I have this schema for my OAuthTokens table
mongoose.model('OAuthTokens', new Schema({
accessToken: { type: String },
accessTokenExpiresOn: { type: Date },
client : { type: Object },
clientId: { type: String },
refreshToken: { type: String },
refreshTokenExpiresOn: { type: Date },
user : { type: Object },
userId: { type: String },
}));
Whenever I log in, I generate a new access token for that.
How to handle access tokens when I log in the same account with multiple machines. Do I have to generate access token for each? And while logging out, is it ideal to remove the entry from the database, or we should expire the token?
It's difficult to answer because the contents of an access token, and how a resource server processes it, vary a lot.
Generally you should not need to generate different tokens for the same users on different machines.
Access and refresh tokens relate to delegated permissions which a user has consented for a certain application. Most APIs I've seen do not care about the authentication details - they tend to use the authorisation details.

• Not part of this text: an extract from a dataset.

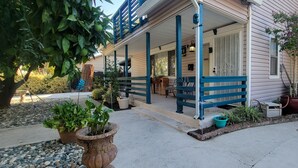A two-story house with a porch, potted plants, and a small garden area. - Spacious Luxury Comforters of home while enjoying time away w/community pool :) (Roseville)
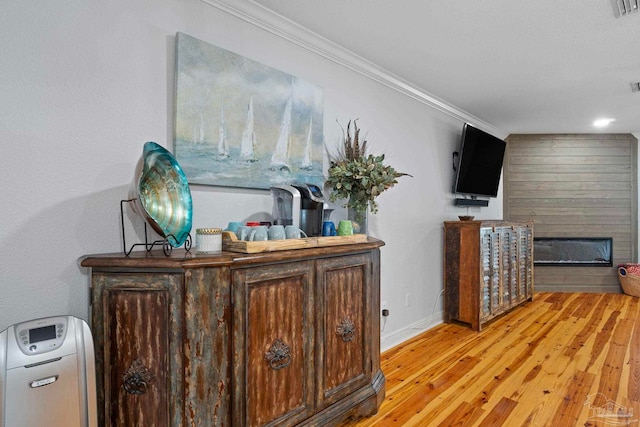 interior space with baseboards, light wood-style floors, visible vents, and crown molding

However, there may be authentication information in the access token (e.g. IP address, method of authentication, local machine name) and it's conceivable that the resource server (which you present an access token to) uses this information to determine whether to process a request.

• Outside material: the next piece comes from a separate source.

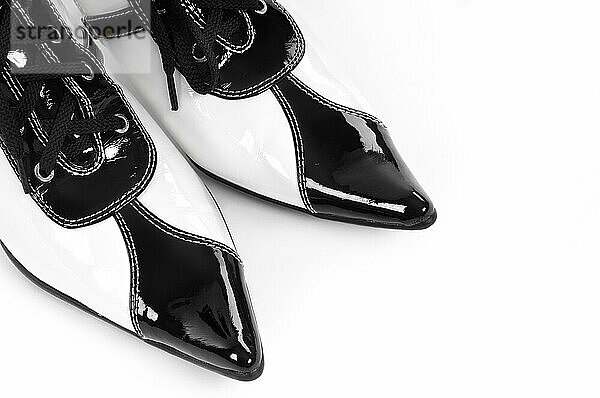 Toes of fancy lacquered black and white retro shoes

My guess is you could reuse them, but to know for sure you should check with the author of the API which consumes the access tokens you store.
Note you are not really logging in or out users with an access token - you should use an ID token for that scenario. An ID token is designed to allow your application to authenticate a user. Whereas an access token is designed for your application (client) to obtain and use against another application (resource).